**RECORDED INFORMATION:**
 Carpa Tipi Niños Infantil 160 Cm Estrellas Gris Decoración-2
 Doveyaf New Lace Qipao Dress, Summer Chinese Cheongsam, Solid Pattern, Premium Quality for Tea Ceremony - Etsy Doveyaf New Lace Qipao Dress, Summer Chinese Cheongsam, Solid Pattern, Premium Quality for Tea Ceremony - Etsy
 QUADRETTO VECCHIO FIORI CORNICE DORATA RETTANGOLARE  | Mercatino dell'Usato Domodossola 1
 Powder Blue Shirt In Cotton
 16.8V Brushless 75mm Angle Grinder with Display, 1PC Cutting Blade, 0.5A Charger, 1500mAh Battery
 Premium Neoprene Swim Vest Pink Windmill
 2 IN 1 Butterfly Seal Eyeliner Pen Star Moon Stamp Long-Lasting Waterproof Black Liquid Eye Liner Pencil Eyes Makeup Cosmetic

**EXERCISE:** Reproduce only the lines running from the one with "Premium Neoprene Swim Vest Pink Windmill" through the final line of the listing above, both ends included.

**RESULT FOR THIS TASK:**
 Premium Neoprene Swim Vest Pink Windmill
 2 IN 1 Butterfly Seal Eyeliner Pen Star Moon Stamp Long-Lasting Waterproof Black Liquid Eye Liner Pencil Eyes Makeup Cosmetic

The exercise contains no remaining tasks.